Mitt Romney has so far avoided laying out a detailed foreign policy. Part of his challenge is that his disagreements with Obama on some of the biggest issues are more tone than substance. And part of his challenge is that he’d rather talk about the weak economy than tangle on national security with the guy who got Osama and annihilates  suspected terrorists with a drones instead of locking them up in Guantanamo. But Romney has seized on the killings of U.S. diplomats in Libya a an opportunity to label Obama a squish. One of his campaign advisors has gone so far as to tell the Washington Post that the embassy killings would not have happened under Romney:

“There’s a pretty compelling story that if you had a President Romney, you’d be in a different situation,” Richard Williamson, a top Romney foreign policy adviser, said in an interview. “For the first time since Jimmy Carter, we’ve had an American ambassador assassinated.”

So what is Romney’s foreign policy? A lot of people are hearing echoes of George W. Bush in Romney’s bluster. The Washington Post had this take:

“…That fogginess about Romney’s worldview was partly a function of the emphasis on economics so far, but also on the costs of talking globally when a sizable portion of the Republican base, including Ron Paul isolationists and fiscal conservatives, does not want anything to with the world outside America’s borders.

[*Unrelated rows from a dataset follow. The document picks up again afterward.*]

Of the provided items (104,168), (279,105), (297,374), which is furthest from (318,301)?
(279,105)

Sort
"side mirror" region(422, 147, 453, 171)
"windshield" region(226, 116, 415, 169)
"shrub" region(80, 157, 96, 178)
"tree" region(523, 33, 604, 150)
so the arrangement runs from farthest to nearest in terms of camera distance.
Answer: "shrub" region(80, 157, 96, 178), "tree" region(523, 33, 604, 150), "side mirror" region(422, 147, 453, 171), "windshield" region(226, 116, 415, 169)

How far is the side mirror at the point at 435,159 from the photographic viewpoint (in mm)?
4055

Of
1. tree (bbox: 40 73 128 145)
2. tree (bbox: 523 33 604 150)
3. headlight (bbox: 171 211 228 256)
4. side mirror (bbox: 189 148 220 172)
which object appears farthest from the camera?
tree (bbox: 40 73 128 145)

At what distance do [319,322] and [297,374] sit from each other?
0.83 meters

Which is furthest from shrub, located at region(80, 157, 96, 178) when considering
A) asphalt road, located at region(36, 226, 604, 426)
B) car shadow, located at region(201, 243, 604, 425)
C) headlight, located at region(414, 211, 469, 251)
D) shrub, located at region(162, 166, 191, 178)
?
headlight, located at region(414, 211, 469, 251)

That leaves George H.W. Bush-era realists, who advocate a modest foreign policy focused on U.S. interests, and George W. Bush-era neoconservative interventionists as the two available ideological schools to which Romney can subscribe.

His reaction this week made it clear that when it comes to Republican foreign policy, the neocons are still the only game in town…”

And in an interview, Romney’s foreign policy director, Alex Wong, tried as hard as he can to avoid using the n-word:

…So then does he dispute the classisfication of neoconservative?

“What I’m saying is,” said Wong, “Governor Romney’s embrace of American values and interests and his call for American leadership…”

So does he feel comfortable being called a neoconservative?

“What I am saying is,” said Wong, “that Governor Romney has used, has said, that his philosophy is peace through strength.”

Does he have a problem with the term neoconservative?

“Governor Romney has indicated that he has a philosophy,” said Wong, “peace through strength.”

So he does have a problem with the term neoconservative.

“Governor Romney,” said Wong, “has throughout this campaign talked about American values and interests and called for American leadership abroad.”

Does he embrace the concepts of neoconservatism, just not the title?

“I think I have given you a lot here,” said Wong. “I have described Governor Romney’s philosophy and the way he’s discussed it and how he makes his decisions.”